> TASK REQUIREMENTS: Please repeat, exactly and without pictures, the lines of the entries below that run from the one containing "Ancient Greek Astronomers" through the one containing "Load image into".

> MATERIAL SUPPLIED:
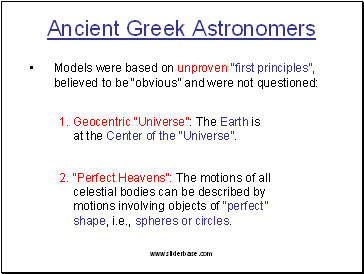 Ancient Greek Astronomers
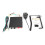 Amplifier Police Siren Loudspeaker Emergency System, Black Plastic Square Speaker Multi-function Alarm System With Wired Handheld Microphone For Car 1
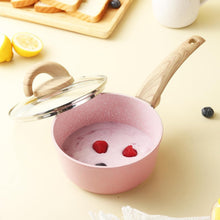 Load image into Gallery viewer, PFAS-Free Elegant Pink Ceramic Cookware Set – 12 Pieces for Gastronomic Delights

...

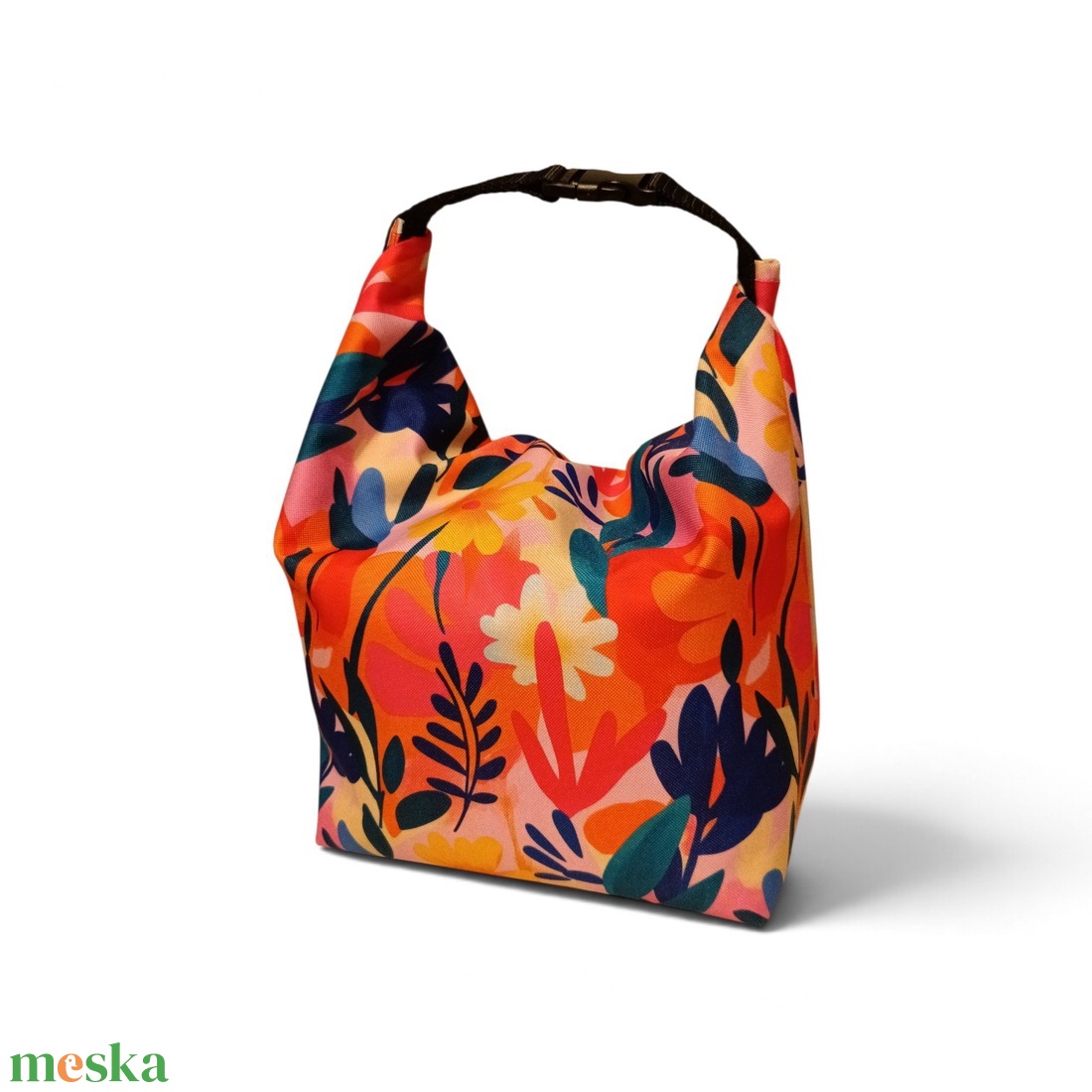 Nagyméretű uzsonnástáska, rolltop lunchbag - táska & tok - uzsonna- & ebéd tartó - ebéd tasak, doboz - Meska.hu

> ANSWER TO THE EXERCISE:
 Ancient Greek Astronomers
 Amplifier Police Siren Loudspeaker Emergency System, Black Plastic Square Speaker Multi-function Alarm System With Wired Handheld Microphone For Car 1
 Load image into Gallery viewer, PFAS-Free Elegant Pink Ceramic Cookware Set – 12 Pieces for Gastronomic Delights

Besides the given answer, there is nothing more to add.